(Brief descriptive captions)

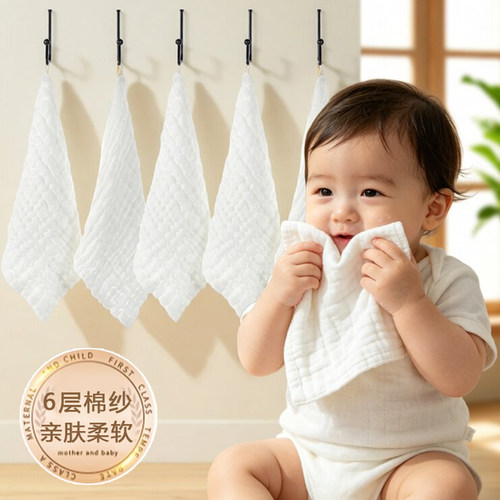 婴儿手帕面巾纱布宝宝新生儿口水巾洗脸毛巾纯棉小方巾幼儿园毛巾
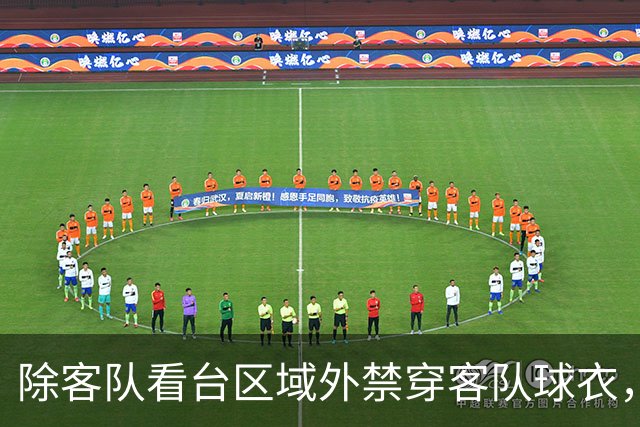 除客队看台区域外禁穿客队球衣，都体：科莫主场新规惹争议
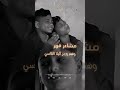 ياغدر الروح جروح ونوح بيجري فينا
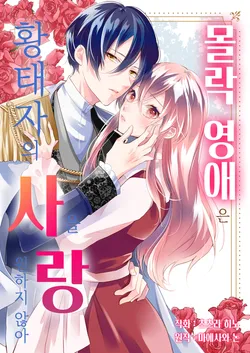 [조이툰] 몰락 영애는 황태자의 사랑을 원하지 않아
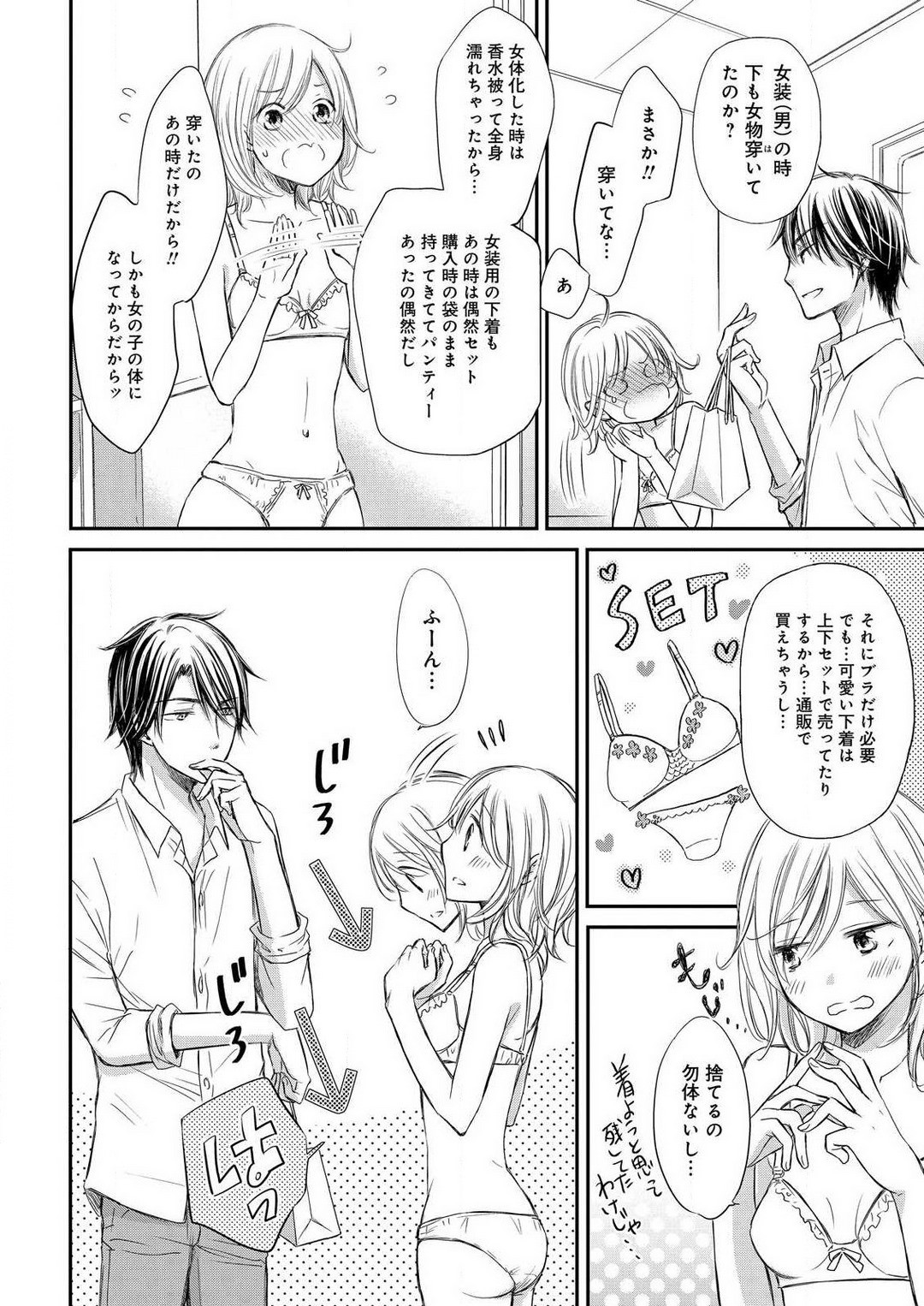 Page 107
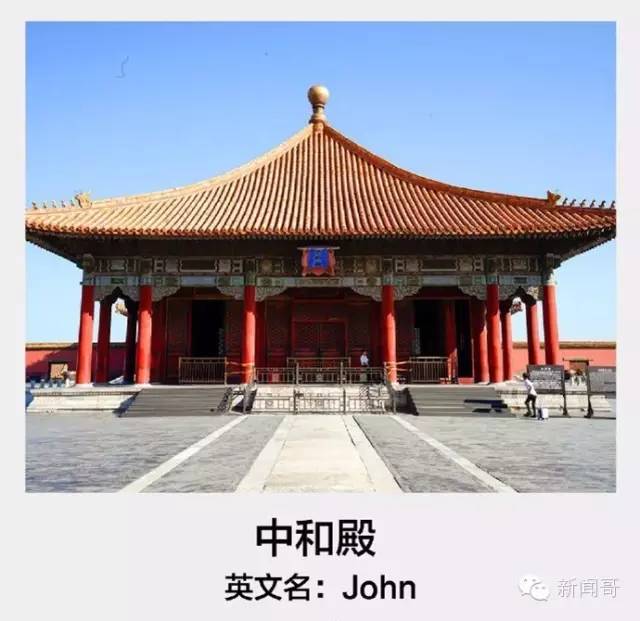 原来古代皇帝们都有英文名？汉武帝叫woody，简直亮瞎眼！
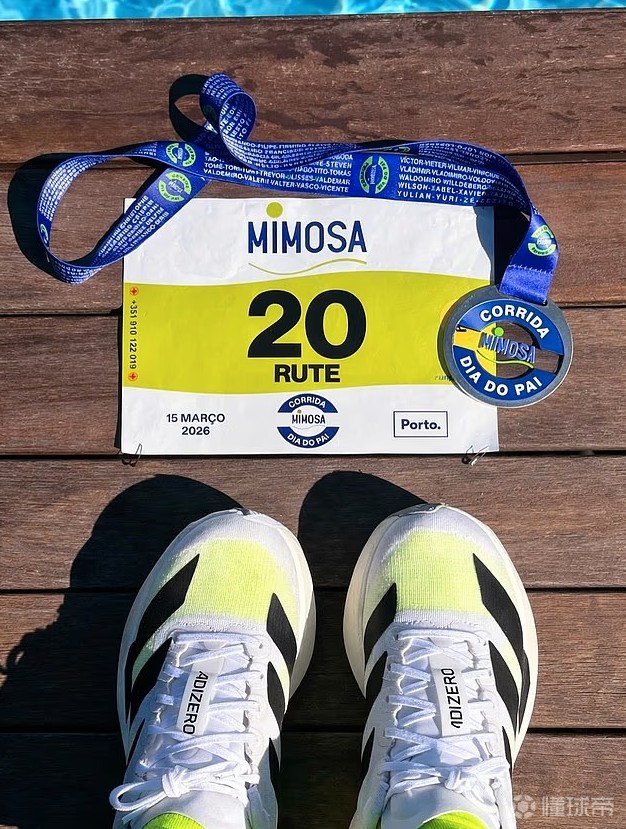 若塔妻子参加葡萄牙父亲节主题10公里马拉松，以此来悼念若塔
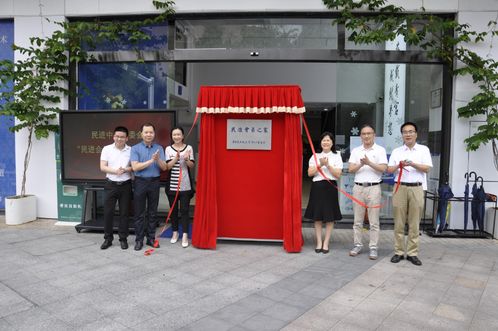 民进中山市委会主委陈玉琼(右三)携市委会班子与“青宫教育”举办人、民进妇工委副主任陈进举行揭牌仪式.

Assignment:
The records are to be returned word for word, without any of their pictures.

Output for this task:
 婴儿手帕面巾纱布宝宝新生儿口水巾洗脸毛巾纯棉小方巾幼儿园毛巾
 除客队看台区域外禁穿客队球衣，都体：科莫主场新规惹争议
 ياغدر الروح جروح ونوح بيجري فينا
 [조이툰] 몰락 영애는 황태자의 사랑을 원하지 않아
 Page 107
 原来古代皇帝们都有英文名？汉武帝叫woody，简直亮瞎眼！
 若塔妻子参加葡萄牙父亲节主题10公里马拉松，以此来悼念若塔
 民进中山市委会主委陈玉琼(右三)携市委会班子与“青宫教育”举办人、民进妇工委副主任陈进举行揭牌仪式.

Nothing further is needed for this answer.